The code contains 3 compressors:
- Angle
angle.py
: simple angular compressor (a variant of "SwingFilter", see [4]) - Convex-Hull
convexhull.py
: optimal disjoint compressor (a variant of "SlideFilter", see [4]) - Linear
linear.py
: maintains a best-fit line through datapoints and uses convex hulls for quickly testing if the line breaks the error
The three programs use the same user interface. Simply run python3 [angle|convexhull|linear].py -h
to display a simple help:
usage: convexhull.py [-h] [-c] [-e] [-Q] [-m] [-d] [-i] [-I | -II | -III] [-b BND] [-t INPUTSIZE] [-o OUTPUTSIZE] [-S]
[-l] [-a] [-x] [-n] [-r] [-D] [-s SEP] [-p] [-v] [-q]
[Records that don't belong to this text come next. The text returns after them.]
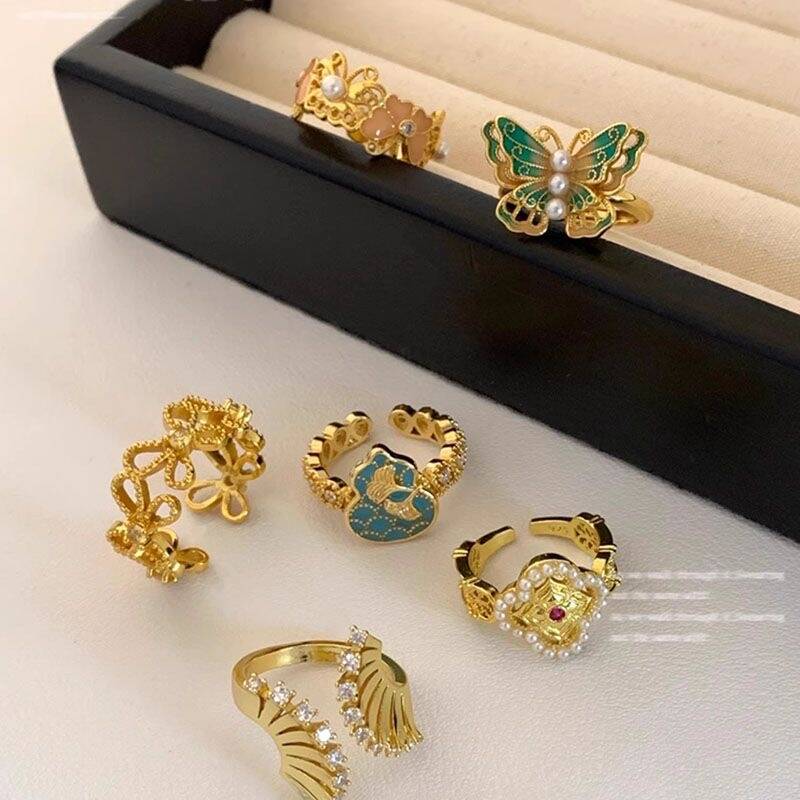 Gold Luxury Minimalist Ring Set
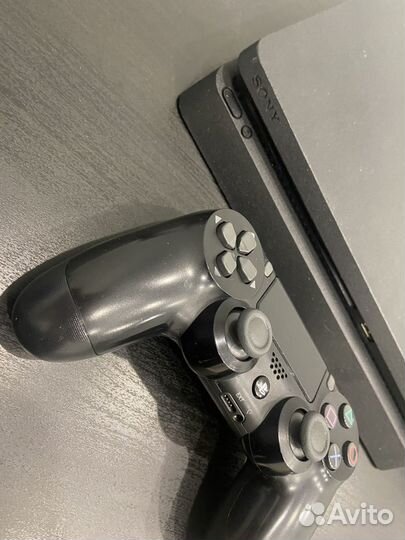 Sony Playstation 4 + два джойстика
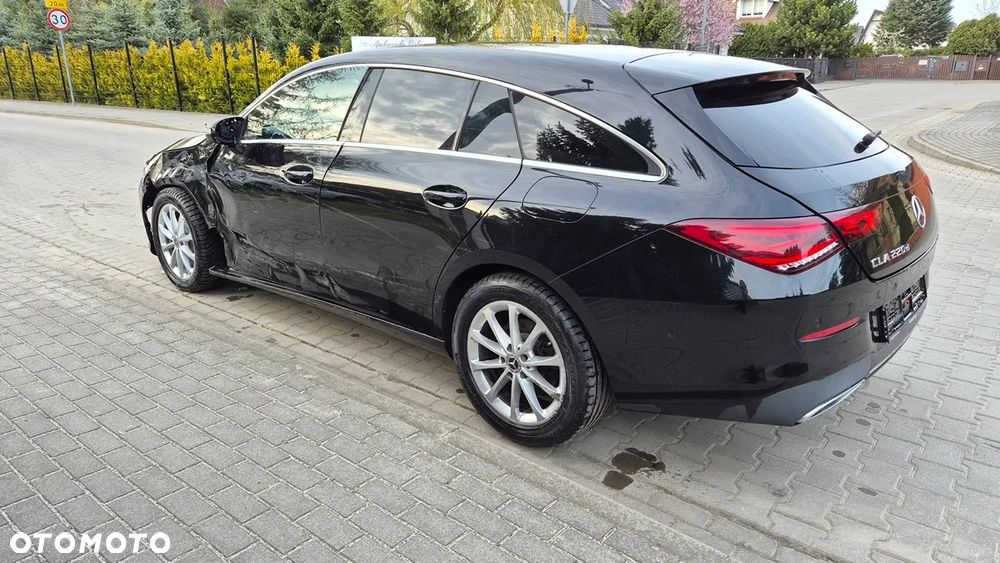 Mercedes-Benz CLA 220 d Edition 1 8G-DCT - 9
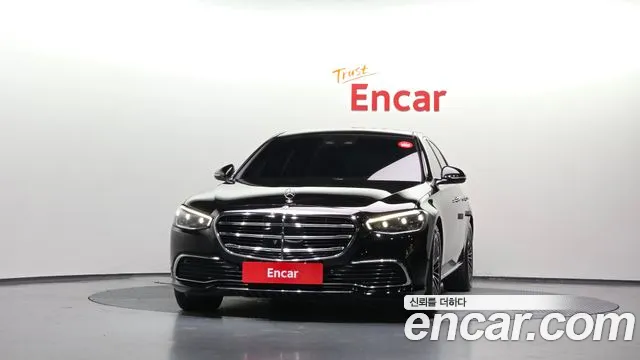 Mercedes-Benz S-Class — Фото автомобиля 3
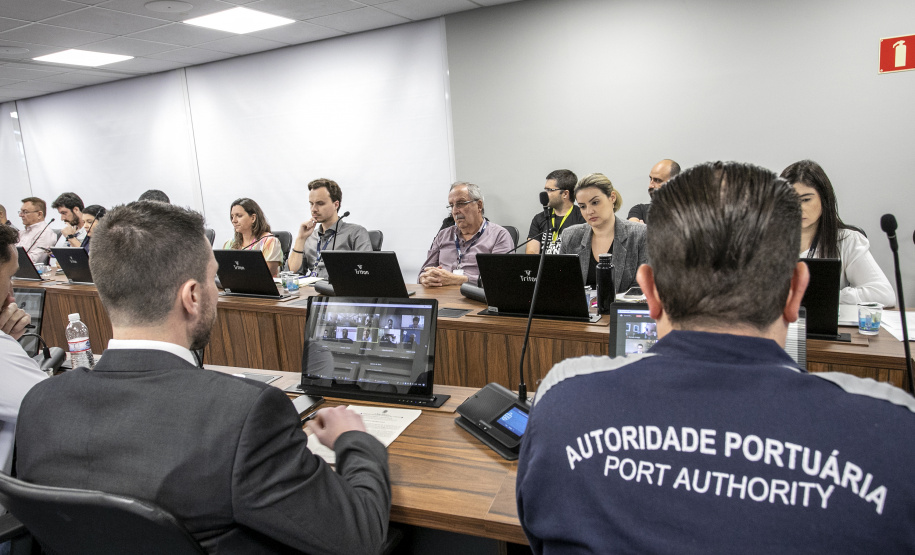 Audiência pública dá transparência aos processos de licitação de áreas do Porto de Paranaguá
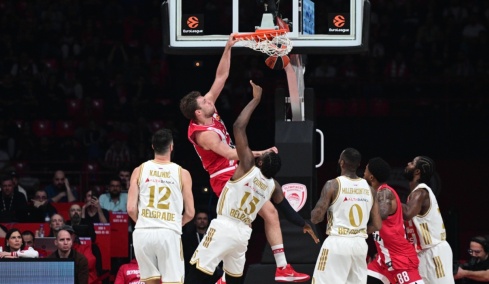 Euroleague: Τις 18 νίκες έφτασε ο Ολυμπιακός που βλέπει κορυφή, διπλό της Παρί στη Βαρκελώνη, δείτε βίντεο 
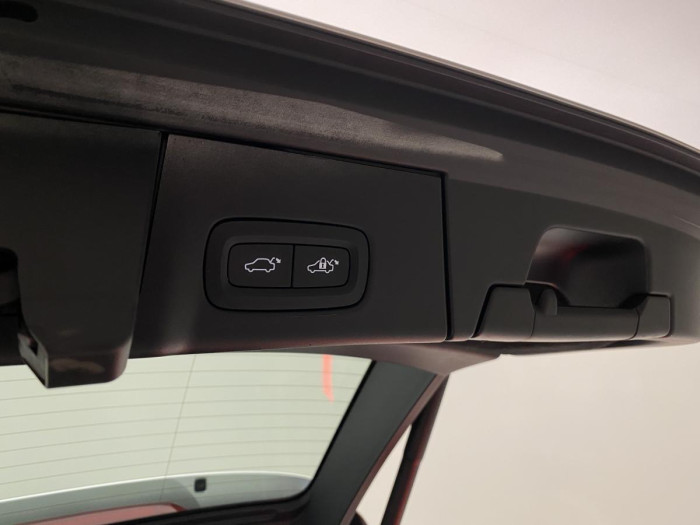 Volvo V90 D4 AWD MOMENTUM REZERVACE 2.0 d Momentum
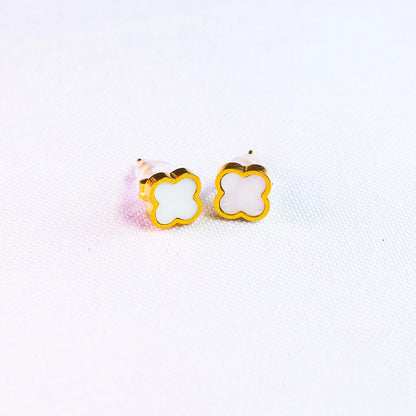 Aretes Trebol Blanco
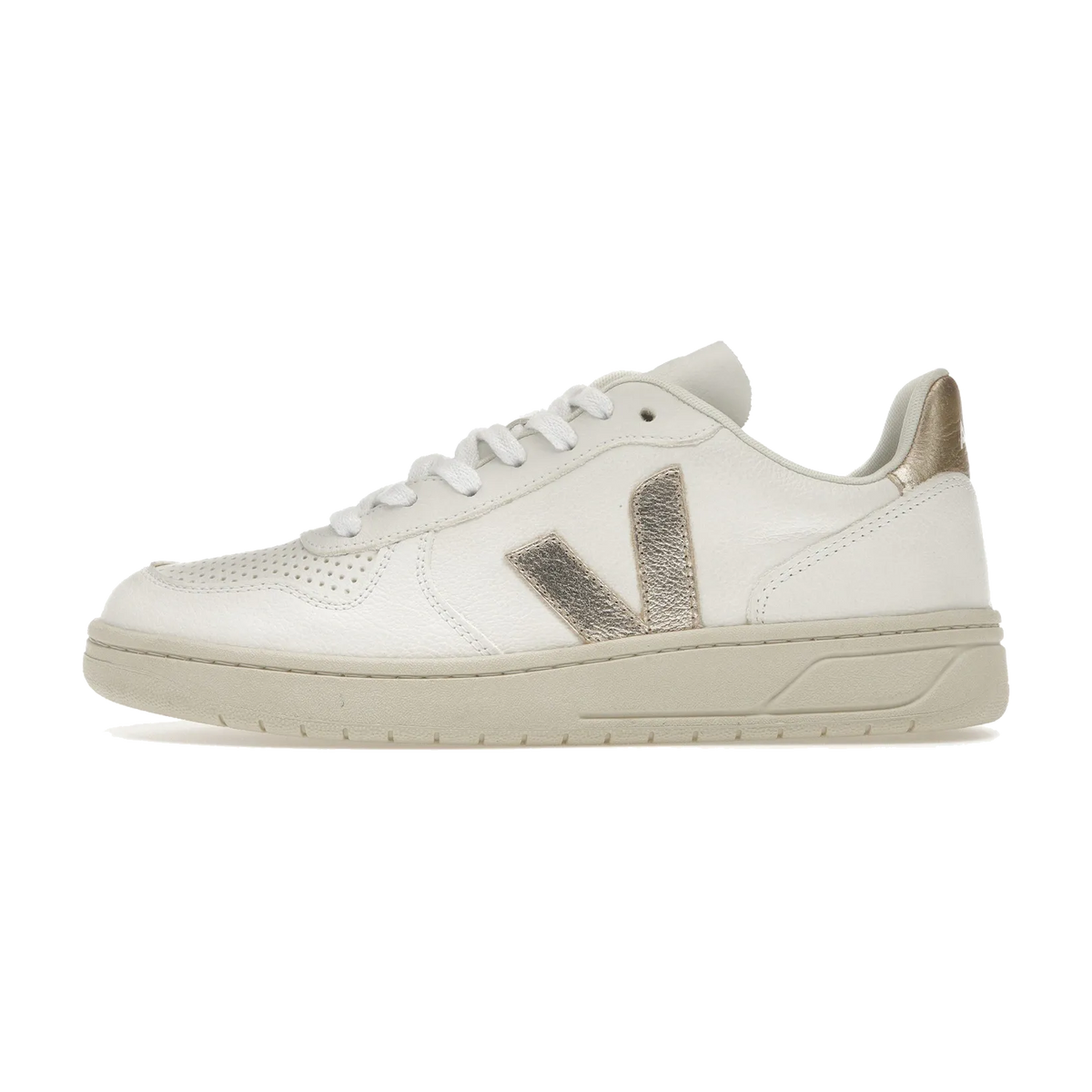 Veja V-10 Chromefree Leather White Platine zijaanzicht, wit leer met metallic grijze V-logo's en crèmekleurige zool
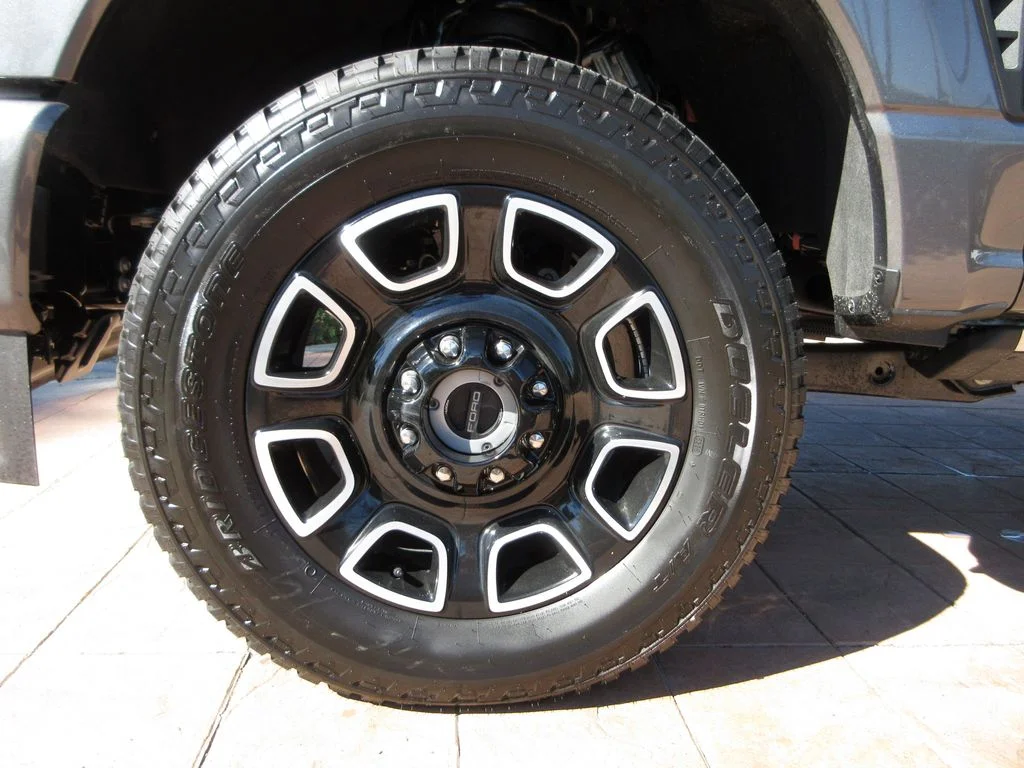 New 2026 Carbonized Gray Metallic Ford Platinum image 8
target errors [errors ...]
Compute different PLA statistics using by default the single stream protocol.
positional arguments:
target either a single file or a directory to process
errors list of maximum tolerated errors for PLA compr. for each channel; negative value= turn off PLA on
that channel
optional arguments:
-h, --help show this help message and exit
-c, --compression output only average compression
-e, --avgerror output only average error
-Q, --rmserror output only rms error
-m, --maxerror output only max error
-d, --delay output only average delay
-i, --discarded output only average discarded tuples
-I, --twostream set 2 streams protocol
-II, --singlestreamv set single stream variant protocol
-III, --lidarvariant set single stream lidar variant protocol
-b BND, --bnd BND set segment length bound; default=256; this bound also determines the number of bytes used to
encode the counter parameter in pla records
-t INPUTSIZE, --inputsize INPUTSIZE
set input size in bytes; default=8;
-o OUTPUTSIZE, --outputsize OUTPUTSIZE
set output size in bytes (for alpha/beta); default=8;
-S, --singleoff turn off singleton values
-l, --logicaltimes uses logical timestamps for all fields (default use channel 0 as time channel)
-a, --realtimes uses real timestamps for all fields as input (default use approximated channel 0)
-x, --zip outputs pla compression records
-n, --endpoints outputs pla segments' endpoints + singletons
-r, --reconstruct outputs reconstructed values
-D, --ndelays outputs average max delays (multi-dim. delays)
-s SEP, --sep SEP set datafile column sep; default=','
-p, --perfile if target is a directory, print statistics for each processed file
-v, --verbose increase output verbosity
-q, --quiet turn off output
After downloading the source code, simply execute run_tests.sh
for running a few tests.
The input format is csv files (the separator can be specified with the -s
flag).
By default, the first column is used as timestamps and the compressor runs over each column where an error is specified, e.g. python3 convexhull.py -1 0.1 0.2
will use the first column as timestamps but do not attempt to compress it (since the chosen error is negative), the second column will be compressed with a max error of 0.1
and the third column with a max error of 0.2
.
To use logical timestamps (such that every column, including the timestamps column itself, is compressed against a counter, making compression and decompression decoupled from the timestamps column; see [1]), use flag -l
.
The programs can also run over directories and will perform the compression on each file in the specified directory.
-1
is set to skip compression on a particular channel (here the first one).
-II
uses a variant of single stream that aims at reducing data inflation upon using an error close to zero.
-t
allows to set the input size of data values (default is 8 bytes or double precision). This influences compression ratios.
-o
allows to set the output size for segments' parameters (alpha/beta, meaning slope and y-intercept of the segment). This influences compression ratios.
To output pla segment records, use the -x
flag. The output depends on the chosen outputting protocol.
-n
is not implemented.
-v
adds some file info when running over a directory.
-q
is not implemented. Use python3 [...] 2> /dev/null
instead.
None, the code only uses the standard python library (Python3 required).
Disclaimer: This is a highly experimental research code that has evolved by iteration, has not been thoroughly inspected in its latest installments and might not be completely bug free.